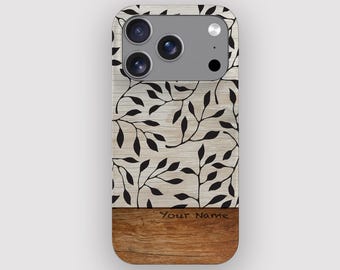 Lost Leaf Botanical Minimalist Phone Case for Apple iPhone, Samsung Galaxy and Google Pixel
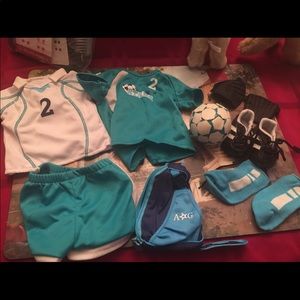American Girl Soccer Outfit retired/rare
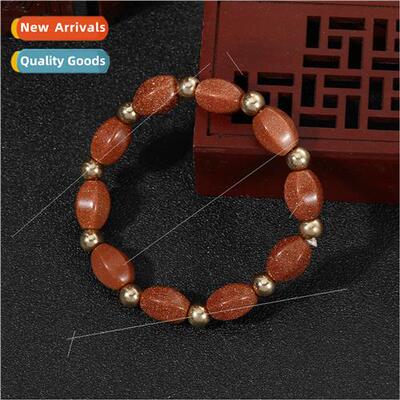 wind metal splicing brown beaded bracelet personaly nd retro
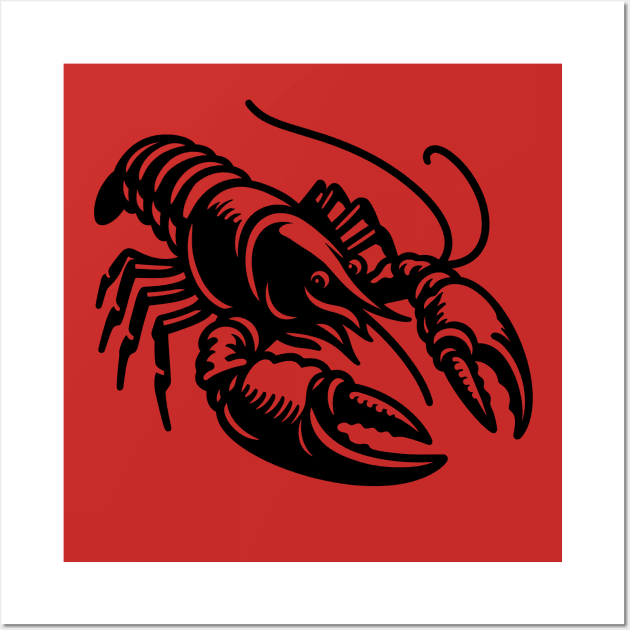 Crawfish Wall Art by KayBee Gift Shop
...
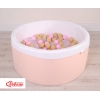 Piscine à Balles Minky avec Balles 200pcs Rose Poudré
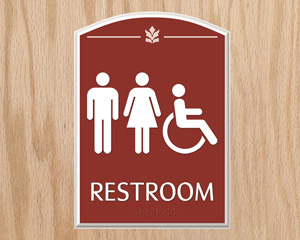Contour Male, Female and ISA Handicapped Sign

Work to be completed: Repeat exactly the lines above, from the line that contains "wind metal splicing" down through the line that contains "Crawfish Wall Art by KayBee Gift Shop". Include both of those lines and none of the pictures.

Exercise output:
 wind metal splicing brown beaded bracelet personaly nd retro
 Crawfish Wall Art by KayBee Gift Shop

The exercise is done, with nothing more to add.